The solution will support all current and future GitLab reference architectures.
GitLab customers will be able to scale and tailor the Geo Disaster Recovery solution to best fit their business continuity plans. They will be able to configure the disaster recovery solution to meet a defined RTO and RPO.
All GitLab SaaS services such as GitLab Dedicated and GitLab.com will be protected by Geo Disaster Recovery to ensure that all best practices are followed and that we dogfood our own solutions.
For more information on how we use personas and roles at GitLab, please click here.
It is possible to promote a secondary site to a primary site, either during a planned failover or in a genuine disaster recovery situation. Geo supports promotion for a single node installation and for a high-availability (HA) configuration. The current promotion process consists of a large number of manual preflight checks, followed by the actual promotion. The promotion is only possible in the command line; no UI flow is possible and for high-availability configurations modifications to the gitlab.rb
file are required on almost all nodes. Given the critical nature of this process, Geo should make it simple to promote a secondary, especially for more complex high-availability configurations.

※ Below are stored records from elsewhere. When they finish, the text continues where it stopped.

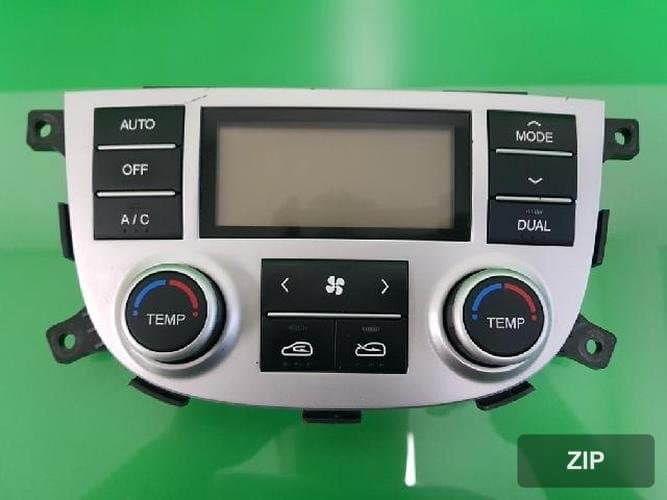 Hyundai Santa Fe 2008 — переключатель управления кондиционером/отопителем 972502B302CA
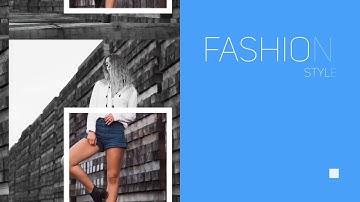 Simple Modern Opener After Effects Templates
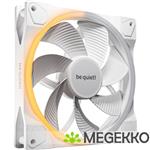Be quiet! LIGHT WINGS LX 140mm PWM Reverse Single Pack Wit
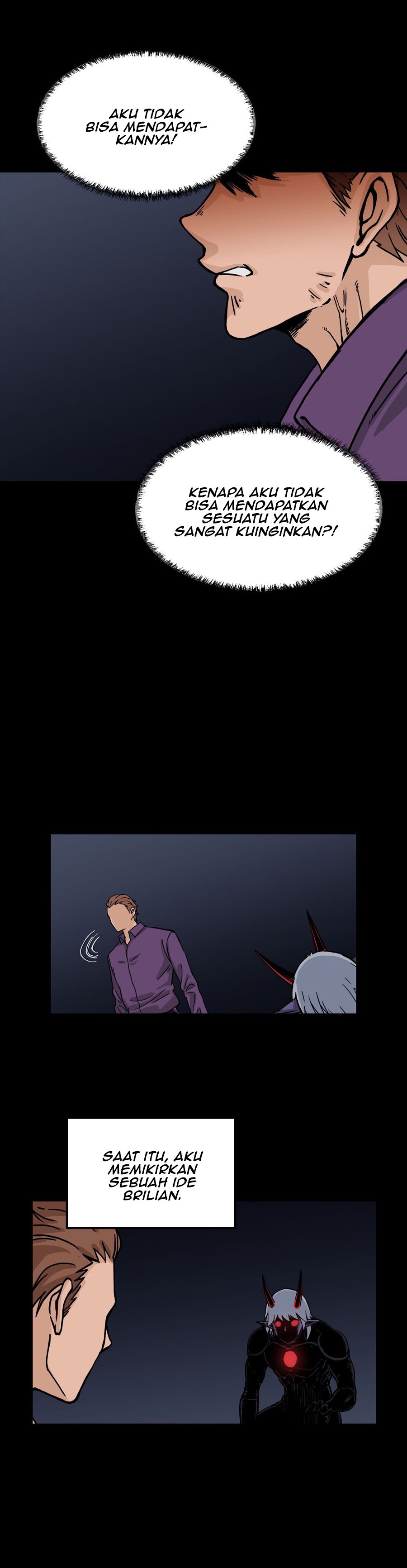Her Hero Chapter 22 Gambar 16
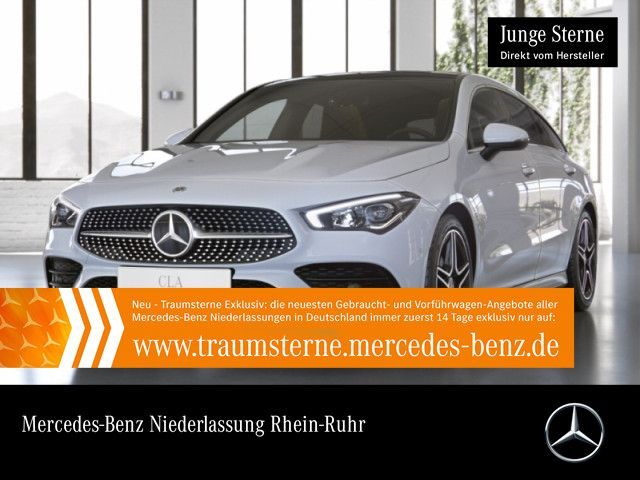 Mercedes-Benz CLA 200 SB AMG/Navi Prem/Pano/LED/Ambi/SHZ/PTS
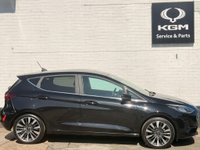 USED 2023 72 FORD FIESTA 1.0T EcoBoost Titanium X Euro 6 (s/s) 5dr 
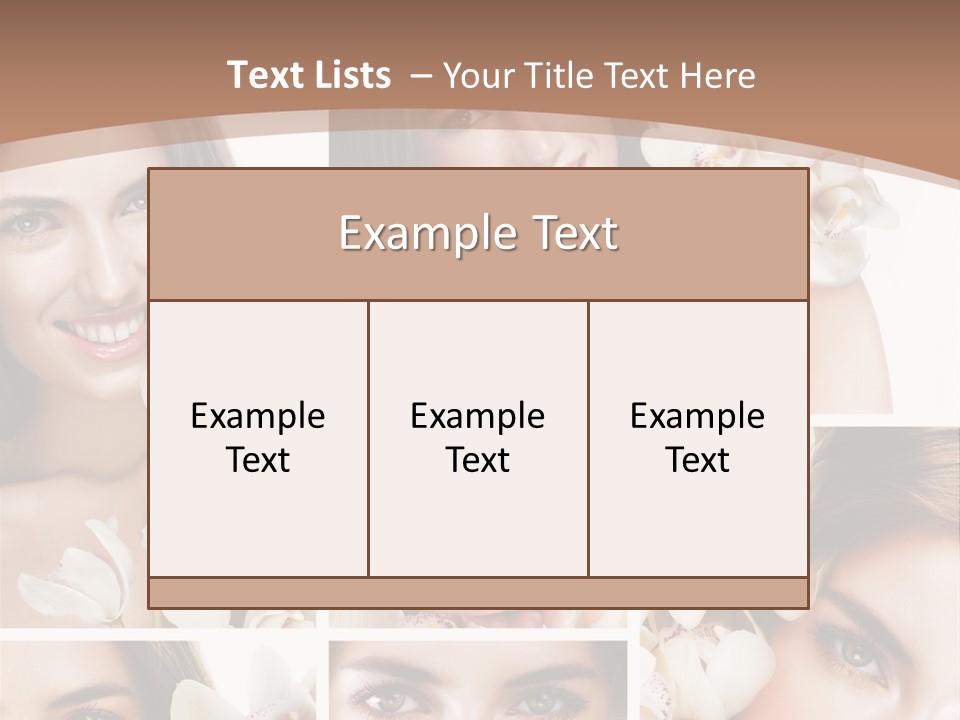Communication Management Per On PowerPoint Template
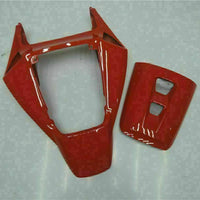 MS Injection Plastic Red Black Fairing Kit Fit for Honda2004-2005 CBR1000RR u0112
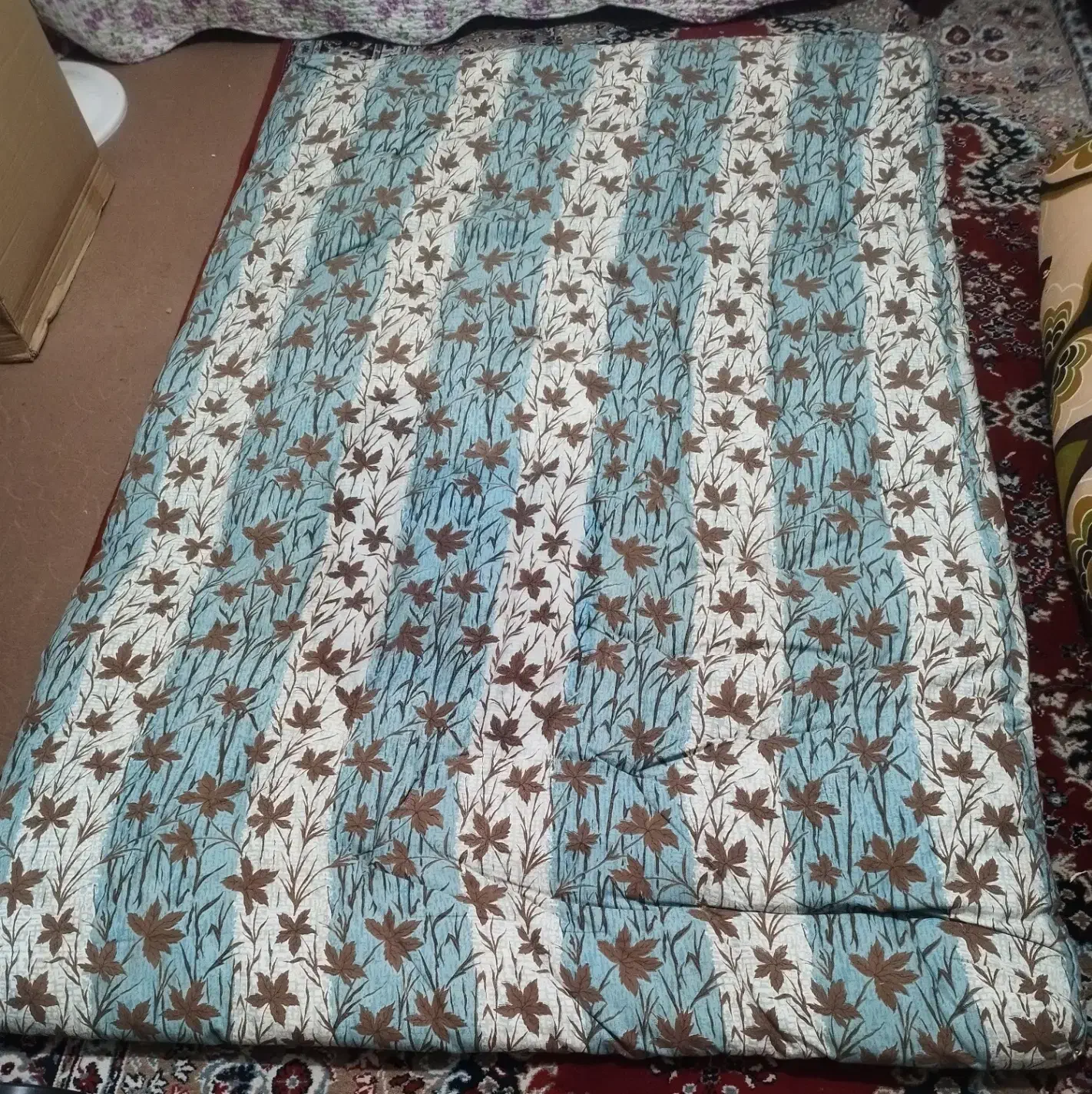 لحاف و تشک دو نفره و یکنفره ،پتو،|تشک تختخواب|شاهین‌شهر, مخابرات (شهید بهشتی)|دیوار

After a failover, an administrator may want to re-attach the demoted primary site back as a secondary site in order to failback to the original primary at some point. This is currently possible. However, the process is highly manual and not well-documented. After we have simplified the promotion process, we want to simplify demoting a secondary site site of any size by reducing the steps required and making the process easily automatable.
Improving observability of replication and verification operations will allow systems administrators to monitor the health of the warm standby secondary sites. It will help identify any fault conditions in the replication and verification process and aid in the remediation of these faults. By surfacing the underlying errors in the UI, it will provide easy access to this information and speed up recovery actions needed on the part of the systems administrators.
GitLab.com is by far the largest GitLab instance and is used by GitLab to dogfood GitLab itself. GitLab.com does not use GitLab Geo for DR purposes. This has many disadvantages and the Geo Team is working with Infrastructure to enable Geo on GitLab.com.
The Geo admin dashboard provides a basic overview of the status of the Geo sites. This is helpful when setting up Geo and for confirming Geo status at a glance. However, it does not show long term trends and historical statistics. A Grafana dashboard together with Prometheus metrics serves this purpose well.
Geo publishes an extensive list of prometheus metrics. Publishing a Grafana dashboard would make these metrics more accessible and useful for systems administrators.
GitLab is planning to roll out decomposed databases to self-managed customers with GitLab release 18.0. This involves splitting the main rails database into two databases main
and ci
improving scabality and performance. More details can be found in the blog post, Decomposing the GitLab backend database.
To ensure that Geo customers can benefit from the scalability and performance benefits this brings whilst being protected against data loss, we will be adding support for decomposed databases.
We currently don't plan to replace PostgreSQL with a different database e.g. CockroachDB.
We currently don't plan to support an Active/Active configuration.
This category is currently at the competitive maturity level, and our next maturity target is lovable (see our definitions of maturity levels).
In order to move this category from competitive to lovable we are working on all items in the lovable maturity epic.
We currently track:
GitHub Enterprise Server 2.22 supports a passive replica server that can be used for disaster recovery purposes.